- "Tulsa," by Nate Kamp.
In 1962, Malvina Reynolds wrote the song "Little Boxes" to condemn the conformity of the suburbs, where the houses and people "all look just the same." Reynolds couldn't know that several decades later, urban sprawl would produce a region beyond the suburbs called exurbia, largely driven by the American dream of home ownership. One wonders what kind of song she'd have written in the wake of the subprime mortgage crisis.
The Fe Arts Gallery exhibition Homebound, curated by Felicia Feaster, examines the idea of home in America today. It asks whether the home still symbolizes comfort, hope and refuge. It also explores images of alienation and isolation, particularly in the suburbs. But the strongest and most interesting pieces are those in which a house is portrayed as a character in an existential drama beyond its control.
The best of these are Nate Kamp's small and intimate prints showing the individual characteristics of specific houses against a stark white background. Bearing titles like "Conveniently Arranged" and "Dignified and Imposing," his small, delicate images underscore the way a house becomes a commodity rather than a site of emotion and memory. His three larger woodcuts of suburban-looking homes speak to our present economic climate: Despite their manicured lawns and two-car garages, these homes are clearly unoccupied, deserted.

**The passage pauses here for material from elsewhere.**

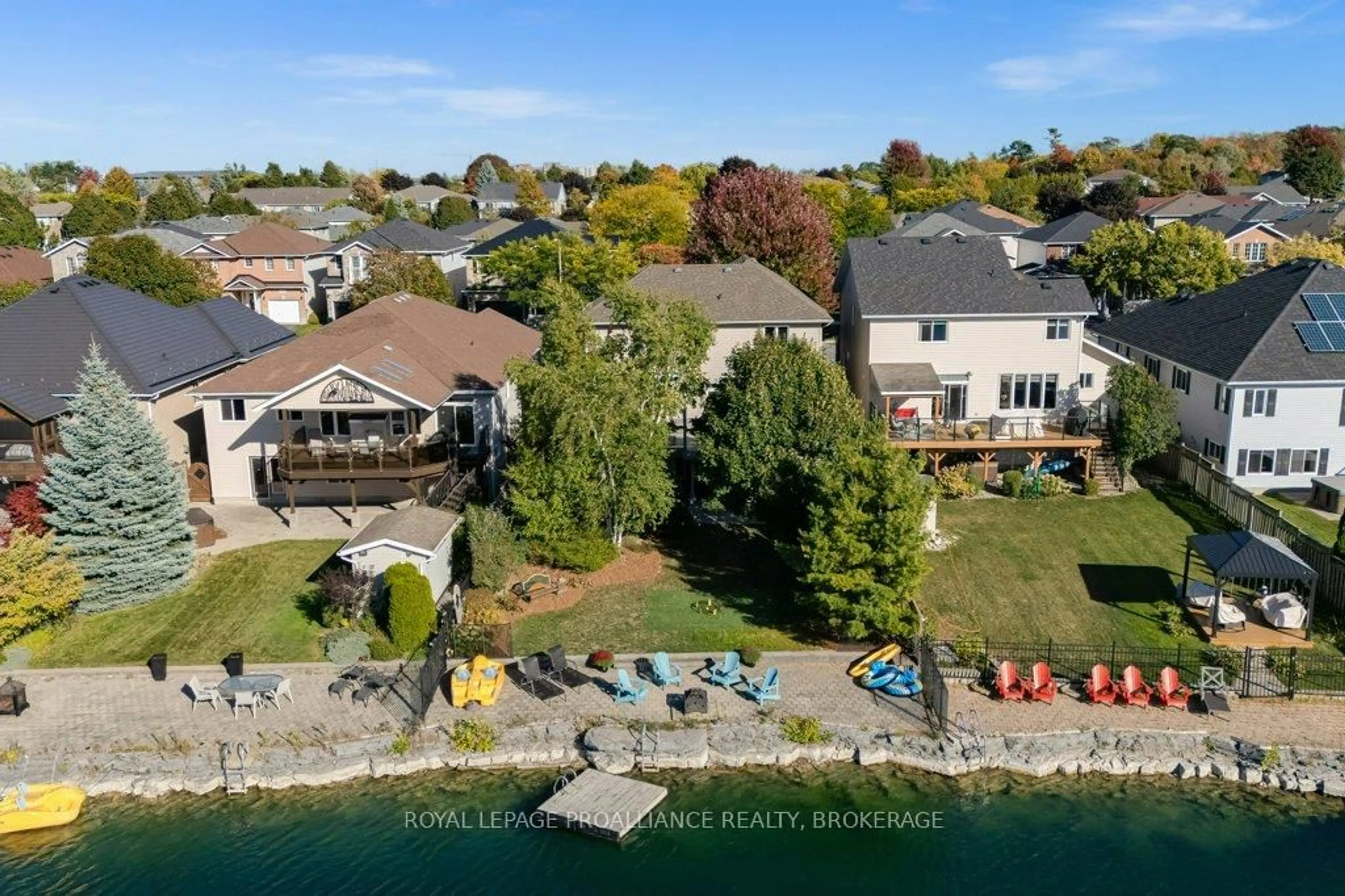 A pic from outside/outdoor area/front of a property/back of a property/a pic from drone, water/lake/river/ocean view for 1415 Stoneridge Dr, Kingston Ontario K7M 9H6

Abandoned homes are also the subject of Seth Clark's mixed-media collages. Notwithstanding their dilapidation, these forlorn houses retain some individual character and personal history. Neglected, they struggle to maintain their dignity. So too does the diminutive house with a bright-red door in Katie Sussman's "A Cautionary Tale." This sweet little country house is intact, yet imperiled by the industrial complex looming behind it.
The emotional impact of these works, however, is not sustained throughout, making the exhibition's other work seem overly didactic. Works by Meg Aubrey and Patrick Heagney confront the false promises of suburbia and its vaguely menacing landscapes, while Anna Watson and Mary Turnipseed critique the way our increasingly digitized lives can make us feel more alone. While these criticisms no doubt have merit, they take the conversation in a more academic, less emotionally engaging, direction.
Given Fe's size limitations, this exhibition's theme is ambitious. Nonetheless, it succeeds in making us reconsider the allure of home ownership as a defining element of the American Dream.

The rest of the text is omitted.